** Given records follows **
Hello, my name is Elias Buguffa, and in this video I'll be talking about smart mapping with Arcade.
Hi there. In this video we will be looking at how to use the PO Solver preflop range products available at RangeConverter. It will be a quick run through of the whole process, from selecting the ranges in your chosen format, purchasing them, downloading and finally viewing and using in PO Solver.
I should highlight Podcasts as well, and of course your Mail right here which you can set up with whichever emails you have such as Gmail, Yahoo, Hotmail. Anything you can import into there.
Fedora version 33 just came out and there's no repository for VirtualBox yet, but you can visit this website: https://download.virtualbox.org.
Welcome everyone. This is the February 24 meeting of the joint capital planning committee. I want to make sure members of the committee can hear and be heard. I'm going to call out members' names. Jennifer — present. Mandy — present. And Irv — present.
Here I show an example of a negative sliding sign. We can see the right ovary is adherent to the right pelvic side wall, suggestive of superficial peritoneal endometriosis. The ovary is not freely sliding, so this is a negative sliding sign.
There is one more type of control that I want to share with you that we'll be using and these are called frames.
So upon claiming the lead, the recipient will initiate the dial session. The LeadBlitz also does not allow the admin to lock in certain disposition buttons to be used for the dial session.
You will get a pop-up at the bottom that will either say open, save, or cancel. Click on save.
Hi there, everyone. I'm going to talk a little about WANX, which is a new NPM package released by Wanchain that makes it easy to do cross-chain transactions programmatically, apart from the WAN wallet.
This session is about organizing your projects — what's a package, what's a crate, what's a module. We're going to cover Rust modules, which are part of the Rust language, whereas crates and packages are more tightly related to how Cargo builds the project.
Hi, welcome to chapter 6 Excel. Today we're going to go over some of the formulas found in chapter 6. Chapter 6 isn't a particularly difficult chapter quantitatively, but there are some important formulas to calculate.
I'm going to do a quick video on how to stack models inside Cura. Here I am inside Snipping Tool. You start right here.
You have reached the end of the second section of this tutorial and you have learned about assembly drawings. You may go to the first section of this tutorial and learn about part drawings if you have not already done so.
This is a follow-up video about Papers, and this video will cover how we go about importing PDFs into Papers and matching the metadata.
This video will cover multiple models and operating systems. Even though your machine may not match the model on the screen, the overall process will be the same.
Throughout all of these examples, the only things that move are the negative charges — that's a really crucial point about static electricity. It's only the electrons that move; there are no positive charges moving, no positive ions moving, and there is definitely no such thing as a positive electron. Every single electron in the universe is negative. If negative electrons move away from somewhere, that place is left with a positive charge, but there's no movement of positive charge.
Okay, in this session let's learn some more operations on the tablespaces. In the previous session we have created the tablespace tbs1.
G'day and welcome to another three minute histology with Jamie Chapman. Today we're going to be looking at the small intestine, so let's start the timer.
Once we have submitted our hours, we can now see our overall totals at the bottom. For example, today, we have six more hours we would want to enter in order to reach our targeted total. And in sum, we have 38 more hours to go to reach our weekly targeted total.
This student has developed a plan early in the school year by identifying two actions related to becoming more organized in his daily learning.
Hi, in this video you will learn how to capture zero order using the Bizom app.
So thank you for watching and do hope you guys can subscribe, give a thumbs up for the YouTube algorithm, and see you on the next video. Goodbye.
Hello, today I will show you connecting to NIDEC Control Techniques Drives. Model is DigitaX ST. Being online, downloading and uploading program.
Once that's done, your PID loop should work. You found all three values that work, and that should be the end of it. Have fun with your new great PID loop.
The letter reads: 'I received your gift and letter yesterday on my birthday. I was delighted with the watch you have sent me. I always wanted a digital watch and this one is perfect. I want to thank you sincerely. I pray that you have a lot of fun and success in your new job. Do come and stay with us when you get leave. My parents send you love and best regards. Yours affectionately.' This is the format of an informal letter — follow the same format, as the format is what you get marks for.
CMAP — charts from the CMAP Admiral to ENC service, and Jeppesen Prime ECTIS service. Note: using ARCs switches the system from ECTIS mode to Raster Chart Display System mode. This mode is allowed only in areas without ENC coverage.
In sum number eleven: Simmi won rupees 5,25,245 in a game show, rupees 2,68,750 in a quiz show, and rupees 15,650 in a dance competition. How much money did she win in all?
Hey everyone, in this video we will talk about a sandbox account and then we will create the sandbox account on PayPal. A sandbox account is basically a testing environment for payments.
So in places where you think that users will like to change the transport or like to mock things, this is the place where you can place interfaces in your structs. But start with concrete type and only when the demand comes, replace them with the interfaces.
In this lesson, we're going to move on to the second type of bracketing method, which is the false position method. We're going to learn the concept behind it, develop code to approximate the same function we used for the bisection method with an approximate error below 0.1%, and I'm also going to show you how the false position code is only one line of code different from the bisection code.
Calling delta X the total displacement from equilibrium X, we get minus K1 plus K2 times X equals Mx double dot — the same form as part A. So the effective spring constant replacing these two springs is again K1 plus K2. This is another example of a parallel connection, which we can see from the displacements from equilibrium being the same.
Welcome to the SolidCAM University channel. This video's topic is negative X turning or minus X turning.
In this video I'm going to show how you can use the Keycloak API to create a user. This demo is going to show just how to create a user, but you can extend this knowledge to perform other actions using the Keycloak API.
** End of Given records **
* _Task_
From the entries above, copy out every line where the string "models" appears.

* _Solution for this problem_
I'm going to do a quick video on how to stack models inside Cura. Here I am inside Snipping Tool. You start right here.
This video will cover multiple models and operating systems. Even though your machine may not match the model on the screen, the overall process will be the same.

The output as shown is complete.